The discussion is converging, but let me clarify a few points.  I suspect
that a new generation of crystallographers has come to the fore since the
last material discussions of real-space refinement in the mid 1990's.  So
with apologies to the grey-haired (like me) set who may find the following
condescending...

Fourier transform theory and the experience of Jack/Levitt led to the
argument that real- and reciprocal- space refinements were formally
equivalent.  It can be true, but is only an approximation under the
conditions of practical refinements. *Close to convergence*, the
approximation is better - reciprocal space refinement is better without the
implicit real-space restraint to the current phases.  Improvements such as
sigmaA, maximum likelihood etc. have extended the domain where reciprocal
space is better, but the trade-offs depend on data, model quality.

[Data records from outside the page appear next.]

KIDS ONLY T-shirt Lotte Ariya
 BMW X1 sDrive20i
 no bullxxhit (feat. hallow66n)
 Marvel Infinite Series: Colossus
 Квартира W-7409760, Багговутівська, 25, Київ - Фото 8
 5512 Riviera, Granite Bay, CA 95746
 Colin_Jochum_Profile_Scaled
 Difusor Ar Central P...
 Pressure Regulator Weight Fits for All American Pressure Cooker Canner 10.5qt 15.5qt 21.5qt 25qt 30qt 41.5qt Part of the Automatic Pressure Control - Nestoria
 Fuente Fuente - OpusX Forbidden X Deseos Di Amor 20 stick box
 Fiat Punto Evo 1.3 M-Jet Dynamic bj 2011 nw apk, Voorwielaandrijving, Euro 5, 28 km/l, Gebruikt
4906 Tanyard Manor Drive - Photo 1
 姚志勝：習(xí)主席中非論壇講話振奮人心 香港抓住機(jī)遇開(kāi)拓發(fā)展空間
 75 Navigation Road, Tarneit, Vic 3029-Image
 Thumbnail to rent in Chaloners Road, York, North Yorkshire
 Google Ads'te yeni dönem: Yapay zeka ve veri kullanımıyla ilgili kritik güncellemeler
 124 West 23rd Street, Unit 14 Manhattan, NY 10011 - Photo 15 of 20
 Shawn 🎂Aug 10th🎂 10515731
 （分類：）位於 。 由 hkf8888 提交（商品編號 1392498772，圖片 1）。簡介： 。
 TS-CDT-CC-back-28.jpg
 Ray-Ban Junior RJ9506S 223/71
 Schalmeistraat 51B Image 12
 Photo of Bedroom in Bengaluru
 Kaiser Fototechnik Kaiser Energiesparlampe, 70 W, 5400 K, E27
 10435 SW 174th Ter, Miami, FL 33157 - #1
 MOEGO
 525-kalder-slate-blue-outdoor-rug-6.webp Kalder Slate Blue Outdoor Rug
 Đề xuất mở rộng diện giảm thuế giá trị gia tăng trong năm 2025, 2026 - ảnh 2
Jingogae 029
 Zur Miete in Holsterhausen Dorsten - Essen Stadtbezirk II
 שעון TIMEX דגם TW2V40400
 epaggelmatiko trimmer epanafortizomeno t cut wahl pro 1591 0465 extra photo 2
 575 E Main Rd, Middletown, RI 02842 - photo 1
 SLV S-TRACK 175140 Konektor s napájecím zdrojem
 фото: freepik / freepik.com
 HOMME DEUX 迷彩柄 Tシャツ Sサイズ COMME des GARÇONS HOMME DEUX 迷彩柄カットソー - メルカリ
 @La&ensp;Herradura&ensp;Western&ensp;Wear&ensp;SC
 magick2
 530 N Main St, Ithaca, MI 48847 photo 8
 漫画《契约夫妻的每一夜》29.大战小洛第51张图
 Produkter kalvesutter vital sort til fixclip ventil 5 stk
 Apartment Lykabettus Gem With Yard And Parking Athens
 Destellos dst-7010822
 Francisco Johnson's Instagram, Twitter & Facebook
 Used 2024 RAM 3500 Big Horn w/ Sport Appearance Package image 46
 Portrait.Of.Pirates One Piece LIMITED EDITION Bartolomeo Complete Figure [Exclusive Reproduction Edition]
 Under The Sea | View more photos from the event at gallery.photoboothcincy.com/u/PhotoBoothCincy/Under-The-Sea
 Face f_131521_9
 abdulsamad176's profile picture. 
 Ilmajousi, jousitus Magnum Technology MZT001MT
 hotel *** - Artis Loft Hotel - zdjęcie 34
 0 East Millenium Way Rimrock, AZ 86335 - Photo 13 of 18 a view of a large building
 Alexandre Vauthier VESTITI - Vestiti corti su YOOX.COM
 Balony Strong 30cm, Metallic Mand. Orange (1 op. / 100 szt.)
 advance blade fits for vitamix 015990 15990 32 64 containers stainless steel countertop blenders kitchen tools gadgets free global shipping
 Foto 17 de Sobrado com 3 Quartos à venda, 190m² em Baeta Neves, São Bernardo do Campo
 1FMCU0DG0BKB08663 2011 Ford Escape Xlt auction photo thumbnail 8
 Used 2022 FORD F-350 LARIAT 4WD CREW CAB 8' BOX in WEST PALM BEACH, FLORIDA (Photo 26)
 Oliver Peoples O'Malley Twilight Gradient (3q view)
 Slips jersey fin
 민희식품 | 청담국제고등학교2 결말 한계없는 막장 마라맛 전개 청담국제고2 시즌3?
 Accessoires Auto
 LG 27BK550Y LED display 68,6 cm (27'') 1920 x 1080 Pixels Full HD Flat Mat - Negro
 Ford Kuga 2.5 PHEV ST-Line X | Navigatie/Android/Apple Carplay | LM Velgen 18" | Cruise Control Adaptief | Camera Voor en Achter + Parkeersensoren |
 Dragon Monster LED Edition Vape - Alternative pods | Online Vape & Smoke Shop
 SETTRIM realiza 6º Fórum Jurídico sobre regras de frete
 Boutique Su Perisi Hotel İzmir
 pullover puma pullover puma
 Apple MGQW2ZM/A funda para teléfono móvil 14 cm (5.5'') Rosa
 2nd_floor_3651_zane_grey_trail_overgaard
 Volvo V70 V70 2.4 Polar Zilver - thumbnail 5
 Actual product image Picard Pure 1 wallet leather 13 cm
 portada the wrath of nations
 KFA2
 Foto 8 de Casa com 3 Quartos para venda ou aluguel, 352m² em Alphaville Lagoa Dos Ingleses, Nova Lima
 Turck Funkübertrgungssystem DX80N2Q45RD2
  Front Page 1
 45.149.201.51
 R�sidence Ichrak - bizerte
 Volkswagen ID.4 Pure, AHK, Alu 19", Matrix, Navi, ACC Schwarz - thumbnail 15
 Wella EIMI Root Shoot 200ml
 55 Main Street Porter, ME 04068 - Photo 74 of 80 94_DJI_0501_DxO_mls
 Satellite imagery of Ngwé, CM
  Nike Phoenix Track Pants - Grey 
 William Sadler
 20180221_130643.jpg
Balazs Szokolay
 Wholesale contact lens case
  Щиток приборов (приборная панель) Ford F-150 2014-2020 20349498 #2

The term real-space refinement is commonly used for two different
proceedures.  In "true" real space refinement, model density is matched to
experimental density directly.  In what is also called real-space
refinement, but should more properly be called pseudo-real-space refinement,
the refinement is actually performed in reciprocal space, either by matching
model and experimental structure factor vectors or by adding explicit phase
restraints.  As hopefully evident below, pseudo-real-space refinement has
only 1/2 the advantages of true real-space refinement.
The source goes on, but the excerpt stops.